Work instruction: Below is a listing; write it out exactly and drop any images from it.

Dataset section:
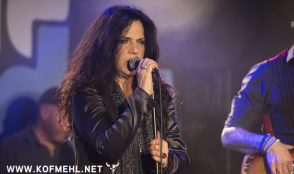 Sari Schorr 39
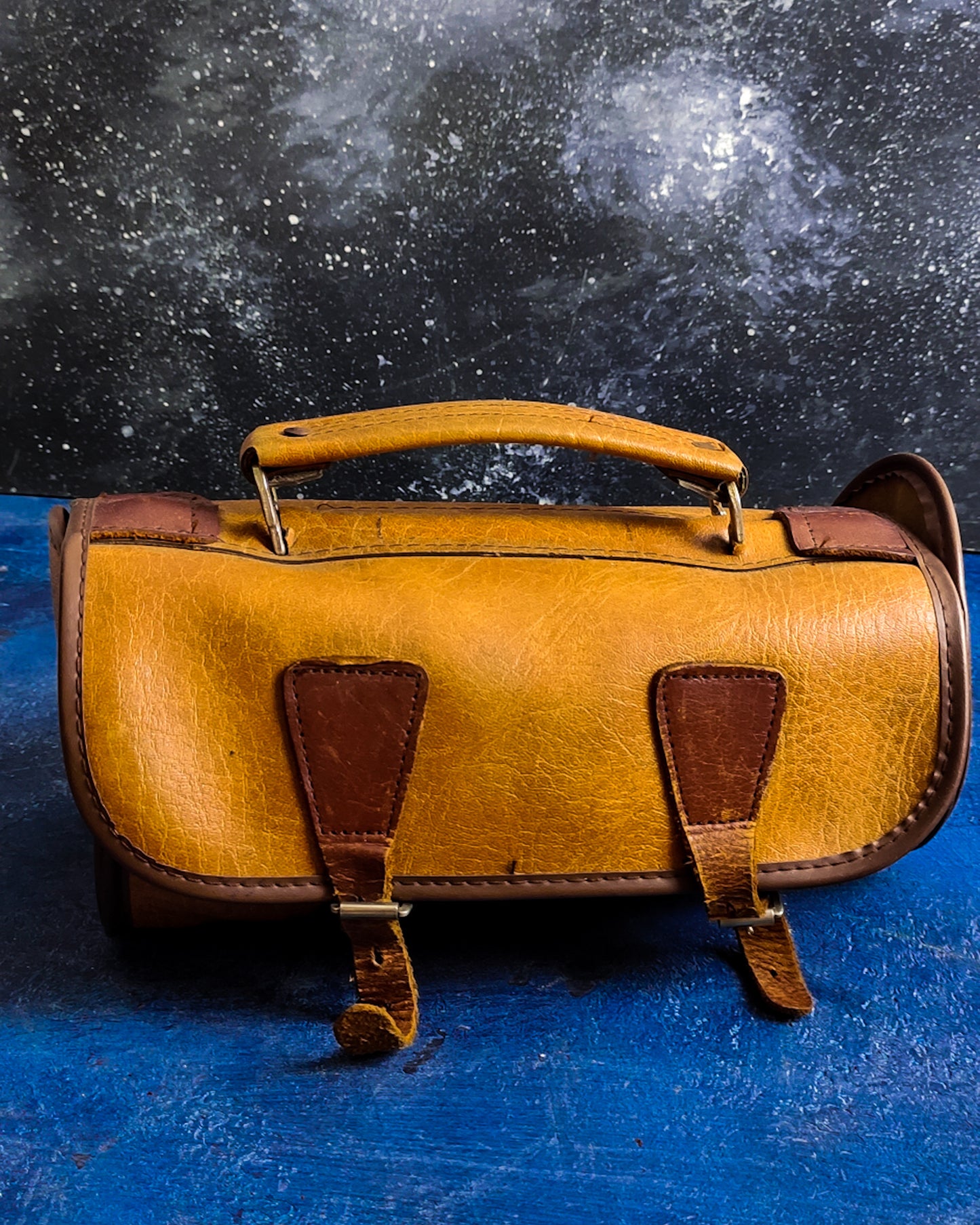 Set di due bocce per green bowling con borsa in pelle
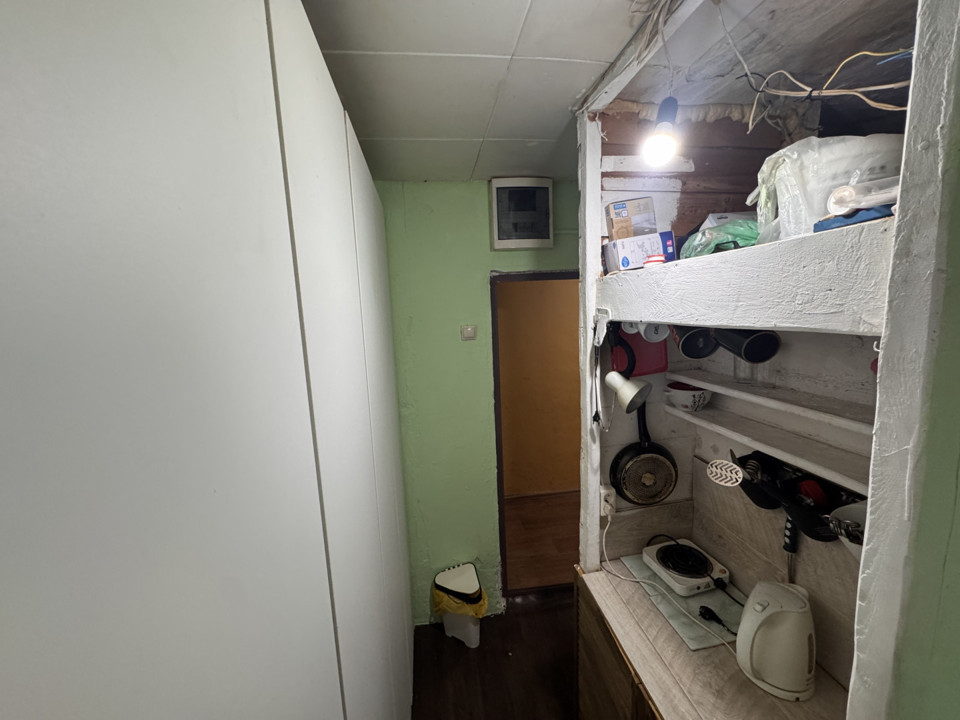 Продается 1-комнатная квартира, площадью 12.90 кв.м. Московская область, Пушкинский район, рабочий поселок Лесной, улица Достоевского, дом 26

Expected answer:
 Sari Schorr 39
 Set di due bocce per green bowling con borsa in pelle
 Продается 1-комнатная квартира, площадью 12.90 кв.м. Московская область, Пушкинский район, рабочий поселок Лесной, улица Достоевского, дом 26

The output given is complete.